## ASSIGNED TASK
Within the records below, find the line with "Cots and Cuddles" and the line with "Bezpłatne badania mammograficzne", then reproduce exactly those two lines and all lines between them, without any picture.

START DATA RECORDS

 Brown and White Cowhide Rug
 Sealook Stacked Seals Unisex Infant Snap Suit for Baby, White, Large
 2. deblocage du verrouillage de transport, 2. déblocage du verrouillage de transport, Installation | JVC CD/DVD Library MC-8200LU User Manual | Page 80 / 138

END DATA RECORDS
START DATA RECORDS

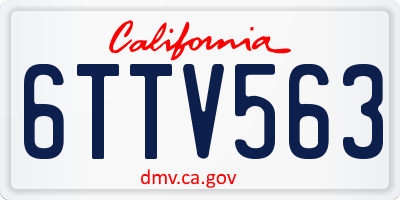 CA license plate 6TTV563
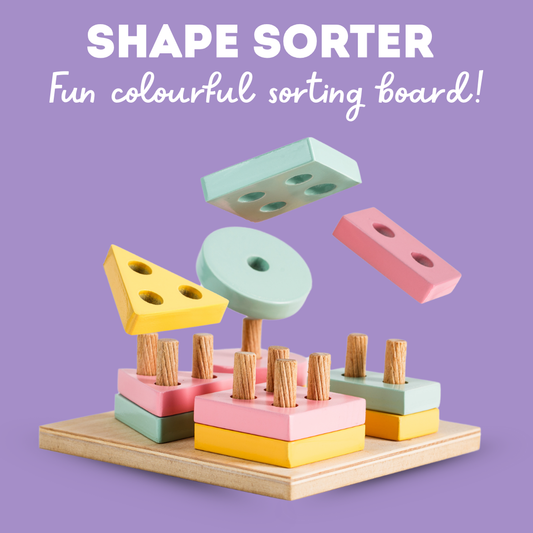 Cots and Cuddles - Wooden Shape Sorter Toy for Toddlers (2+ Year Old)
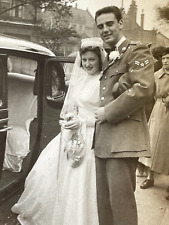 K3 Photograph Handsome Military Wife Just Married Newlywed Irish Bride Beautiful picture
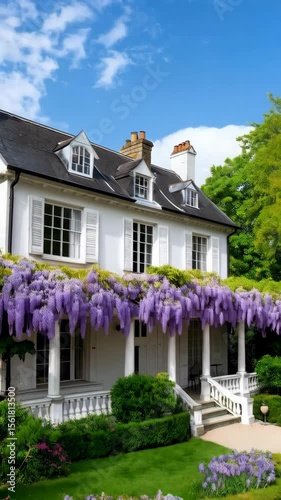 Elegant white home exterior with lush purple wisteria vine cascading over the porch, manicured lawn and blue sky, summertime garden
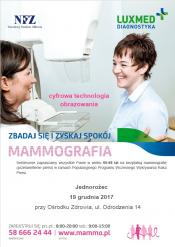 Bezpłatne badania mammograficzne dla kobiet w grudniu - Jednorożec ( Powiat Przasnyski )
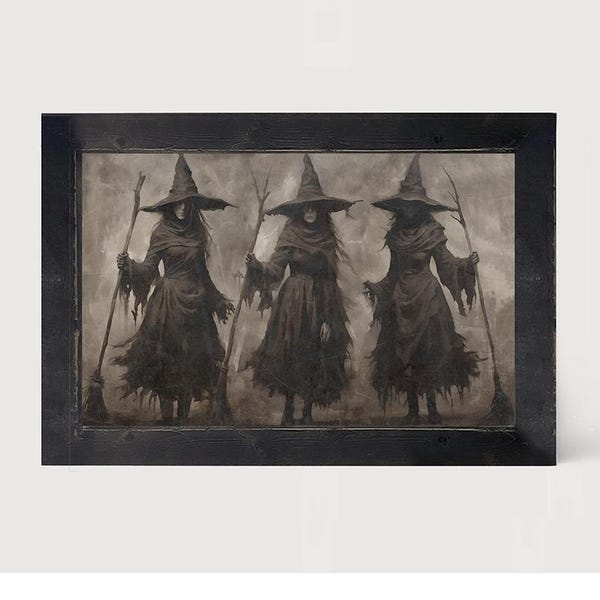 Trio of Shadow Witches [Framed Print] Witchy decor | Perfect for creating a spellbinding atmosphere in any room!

END DATA RECORDS
START DATA RECORDS

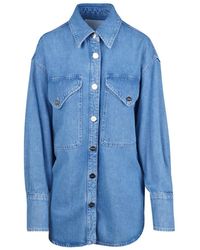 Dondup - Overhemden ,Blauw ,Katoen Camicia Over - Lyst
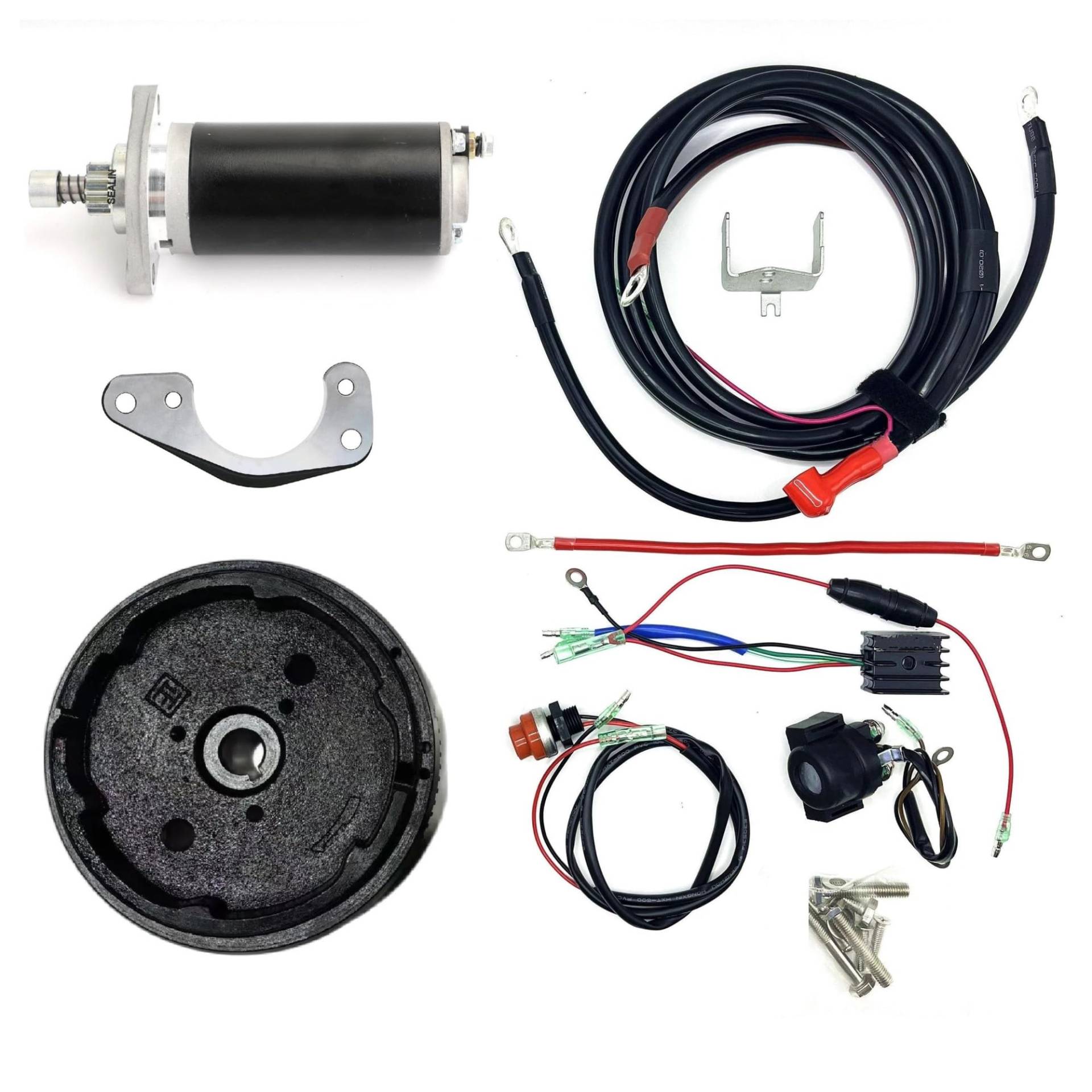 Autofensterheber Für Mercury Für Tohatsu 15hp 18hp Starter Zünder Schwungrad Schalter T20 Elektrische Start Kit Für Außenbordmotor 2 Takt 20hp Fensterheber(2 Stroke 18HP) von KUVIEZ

END DATA RECORDS

## RESPONSE TO THE EXERCISE
 Cots and Cuddles - Wooden Shape Sorter Toy for Toddlers (2+ Year Old)
 K3 Photograph Handsome Military Wife Just Married Newlywed Irish Bride Beautiful picture
 Elegant white home exterior with lush purple wisteria vine cascading over the porch, manicured lawn and blue sky, summertime garden
 Bezpłatne badania mammograficzne dla kobiet w grudniu - Jednorożec ( Powiat Przasnyski )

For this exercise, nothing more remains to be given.